When I was on my trip back to Manila, from Calapan a few weeks ago. I rode the Supercat by ‘To Go Travel’. The movie that was played on that day was “Wonder” directed by Stephen Chbosky, based from the book of the same name by RJ Palacio.
This story is about a ten-year-old boy, named August Pullman suffering from severe birth defects, including mandibulo-facial dysostosis and a cleft palate, which have left him vulnerable to other people’s perception of him and low self esteem. His parents then decided to enroll him at Beecher Prep after years of homeschooling him.
Mandibulo-facial dysostosis, also known as Treacher Collins Syndrome is a rare disease characterized by underdeveloped facial bones and a very small lower jaw and chin, called Micrognathia; based from UCSF Benioff Children’s Hospital.
While the Cleft Palate is a birth defect that results when the roof of the mouth, called the palate fails to form completely during early fetal development. This causes a gap, called a cleft, in the palate. Babies with a cleft palate usually must be bottle fed, with breast milk or formula, using special nipples. Surgery to repair the cleft is performed of about 10 months of age or when the child begins to make sounds of speech. Most children will also need orthodontic treatment with braces during early adolescence as based from University of California.
This child named August was the youngest son of Mr and Mrs Pullman. He also had a sister named Via and a dog named Daisy.
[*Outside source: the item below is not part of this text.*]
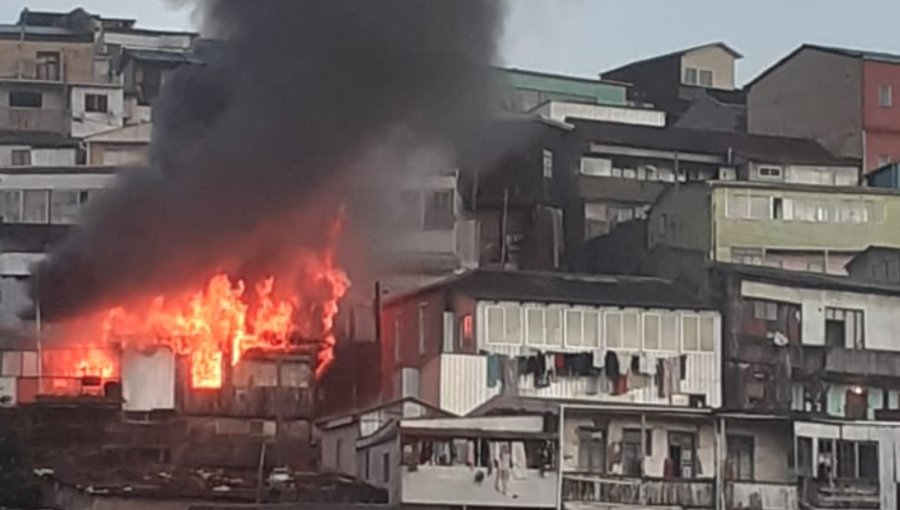 Confirman hallazgo de cadáver tras incendio en el cerro Toro de Valparaíso: mujer tenía 99 años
When he entered the Prep school, he obviously experienced bullying and he was being stared at by most of his peers, due to his deformity. But since he was home schooled by his mom, he had an edge with the science subject. He loves Star wars, and he also had this astronaut like helmet to hide his face every time he wants whenever his outside the house or inside his home, but not inside the school premises. But what I love about him is that he loves Halloween more than Christmas, because that’s where he can be himself by wearing costumes during the trick or treat. Moreover, he later on discovered his true friends who supported him in his school.
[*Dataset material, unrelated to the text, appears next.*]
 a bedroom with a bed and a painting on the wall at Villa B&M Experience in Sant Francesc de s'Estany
All kids have fears. But some kids worry a lot more than others. It’s always painful to watch a child suffer from anxiety, but it’s especially difficult if you’re not sure whether he’s worrying too much or might need help. The difference between normal worry and an anxiety disorder is severity. Although feeling anxious is a natural reaction to a stressful or dangerous situation, a child may need help if his anxiety is out of proportion, if it persists or if it interferes with his life and development.
For a 10 year old kid, his fears are mostly the following: fear of throwing up at school, fear of being rejected by his peers, fear of school failure, fear of sickness, fear of being home alone, fear of bad guys and ghosts and fear of dying.